Une estampe : voilà le mot qui vient à l'esprit lorsqu'on referme le recueil de John Taylor, Le dernier cerisier, traduit par Françoise Daviet-Taylor et illustré par Caroline François-Rubino. Une estampe, parce que tout dans cet ouvrage en a la finesse. Les aquarelles sont le parfait miroir des émotions que génère l'univers textuel, avec, d'abord, d'imprécises silhouettes d'arbres qui se fondent dans le gris bleuté d'un paysage vague ; puis viennent des teintes plus soutenues, et des touches de noir tantôt hérissées comme des scarifications, tantôt étendues aux côtés de larges trouées blanches ; viennent enfin des paysages de neige semés de minuscules motifs sombres semblables à d'énigmatiques présences.
Les mots, quant à eux, sont porteurs d'évocations délicates.

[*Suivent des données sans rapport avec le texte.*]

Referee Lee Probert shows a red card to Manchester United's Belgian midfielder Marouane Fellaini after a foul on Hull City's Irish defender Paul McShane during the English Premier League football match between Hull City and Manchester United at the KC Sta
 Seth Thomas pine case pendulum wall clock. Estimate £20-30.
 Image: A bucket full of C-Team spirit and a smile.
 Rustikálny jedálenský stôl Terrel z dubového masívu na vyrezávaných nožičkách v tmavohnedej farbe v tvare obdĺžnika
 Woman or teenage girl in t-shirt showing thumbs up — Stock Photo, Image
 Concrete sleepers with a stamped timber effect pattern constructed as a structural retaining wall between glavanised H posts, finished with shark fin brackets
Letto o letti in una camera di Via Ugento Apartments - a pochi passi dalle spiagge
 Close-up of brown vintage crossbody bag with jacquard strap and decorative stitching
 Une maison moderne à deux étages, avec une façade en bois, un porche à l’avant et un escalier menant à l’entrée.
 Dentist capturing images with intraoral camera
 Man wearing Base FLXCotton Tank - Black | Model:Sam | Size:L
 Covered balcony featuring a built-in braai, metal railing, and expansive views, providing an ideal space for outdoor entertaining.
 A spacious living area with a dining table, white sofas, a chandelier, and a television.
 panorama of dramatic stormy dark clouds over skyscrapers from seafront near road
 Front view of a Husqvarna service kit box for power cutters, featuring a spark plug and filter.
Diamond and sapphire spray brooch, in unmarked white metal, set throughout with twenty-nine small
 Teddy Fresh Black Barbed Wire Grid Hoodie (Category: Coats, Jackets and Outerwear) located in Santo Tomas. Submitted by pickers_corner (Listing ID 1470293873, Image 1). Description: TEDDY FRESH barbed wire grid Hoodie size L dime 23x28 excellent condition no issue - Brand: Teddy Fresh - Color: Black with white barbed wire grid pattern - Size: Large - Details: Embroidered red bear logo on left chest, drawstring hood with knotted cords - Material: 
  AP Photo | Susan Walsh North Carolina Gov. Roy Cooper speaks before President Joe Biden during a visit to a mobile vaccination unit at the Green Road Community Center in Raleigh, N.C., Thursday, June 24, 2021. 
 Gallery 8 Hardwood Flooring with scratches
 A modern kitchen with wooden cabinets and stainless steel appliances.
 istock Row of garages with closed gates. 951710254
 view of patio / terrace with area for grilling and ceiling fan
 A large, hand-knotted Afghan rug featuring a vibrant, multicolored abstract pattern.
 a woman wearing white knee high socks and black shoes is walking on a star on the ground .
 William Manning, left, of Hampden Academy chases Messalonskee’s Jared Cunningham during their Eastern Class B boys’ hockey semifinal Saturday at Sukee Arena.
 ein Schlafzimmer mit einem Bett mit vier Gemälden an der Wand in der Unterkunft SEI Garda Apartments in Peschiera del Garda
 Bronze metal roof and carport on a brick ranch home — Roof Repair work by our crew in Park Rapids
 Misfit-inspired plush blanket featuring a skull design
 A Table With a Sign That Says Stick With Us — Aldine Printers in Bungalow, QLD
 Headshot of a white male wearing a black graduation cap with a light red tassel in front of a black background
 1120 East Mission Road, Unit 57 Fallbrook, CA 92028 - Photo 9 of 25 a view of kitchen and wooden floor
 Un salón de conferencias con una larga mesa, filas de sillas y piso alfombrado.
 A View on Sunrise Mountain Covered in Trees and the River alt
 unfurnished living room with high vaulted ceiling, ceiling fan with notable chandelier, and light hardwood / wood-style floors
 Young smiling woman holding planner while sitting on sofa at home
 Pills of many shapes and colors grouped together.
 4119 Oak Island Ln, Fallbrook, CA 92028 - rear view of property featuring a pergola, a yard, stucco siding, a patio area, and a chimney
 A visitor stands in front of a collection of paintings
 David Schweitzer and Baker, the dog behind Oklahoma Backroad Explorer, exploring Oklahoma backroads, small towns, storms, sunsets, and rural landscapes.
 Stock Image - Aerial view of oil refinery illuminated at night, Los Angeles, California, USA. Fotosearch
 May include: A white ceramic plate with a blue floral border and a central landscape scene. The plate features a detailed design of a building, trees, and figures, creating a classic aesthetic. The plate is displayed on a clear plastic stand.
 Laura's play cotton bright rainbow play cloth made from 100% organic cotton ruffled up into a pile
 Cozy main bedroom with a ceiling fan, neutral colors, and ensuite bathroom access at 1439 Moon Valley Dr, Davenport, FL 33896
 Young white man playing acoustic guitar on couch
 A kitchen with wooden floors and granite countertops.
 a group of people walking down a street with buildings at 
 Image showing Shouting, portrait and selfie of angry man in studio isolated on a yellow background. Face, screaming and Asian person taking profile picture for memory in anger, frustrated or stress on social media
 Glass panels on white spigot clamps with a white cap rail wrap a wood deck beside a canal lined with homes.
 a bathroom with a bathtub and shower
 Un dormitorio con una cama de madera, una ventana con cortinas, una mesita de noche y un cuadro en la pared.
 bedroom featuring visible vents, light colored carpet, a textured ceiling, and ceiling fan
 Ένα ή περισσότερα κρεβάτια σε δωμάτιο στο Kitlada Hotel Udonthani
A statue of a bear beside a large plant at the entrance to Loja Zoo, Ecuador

Il y a le cerisier, bien sûr, ce "témoin de tout et de tous" dont la réalité échappe, dont la "matière" se confond avec celle de "nos vies" et les silences dans la mémoire, et qui convoque la vision d'une "femme en kimono" tendrement mêlée à la "douce image" de la mère.
Il y a aussi les champs et les espaces qui deviennent des "jardins secrets"... Et il y a surtout la neige, qui a éveillé la peau aux sensations vives de "froid" et d'"humidité", qui a paré de gel et de givre les "longs hivers" de l'enfance, et donné la dimension du rêve et de l'infini — infini du cosmos "sans bornes" perceptibles, et infini du temps qui déroule ses étapes, ses "auparavant", "maintenant", "plus tard", ses "jamais" et ses "lointains"...
Comme l'eau de l'aquarelliste qui dilue les couleurs pour les fondre dans un ensemble, la neige harmonise dans un même "miroitement" la blancheur des pétales, de la glace, du froid, et de la mort, l'opacité du crépuscule et celle de la brume, les élancements du souvenir et ceux du non-accompli. Sa lumière compose avec l'obscurité de la nuit un "linceul noir" où "persistent" des silhouettes d'arbre.
Cette "lumière ourlée de noir" est celle du paysage intérieur, à la fois dévasté et rayonnant, la nuit y peut tomber "en plein jour" et la clarté y est à la fois "sombre" et "chaude". Dans ce contexte, le texte original en anglais, qui prend la suite de la traduction en français, apparaît comme le point d'orgue nécessaire au "souviens-t'en" des dernières pages : une reprise nuancée, une remontée aux sources, une saisie du "temporaire" qui reprend vie et sens à la faveur d'une réminiscence.
Le dernier cerisier, de John Taylor, Éditions Voix d'encre, 76 p., 19€, ISBN 978-2-35128-152-9.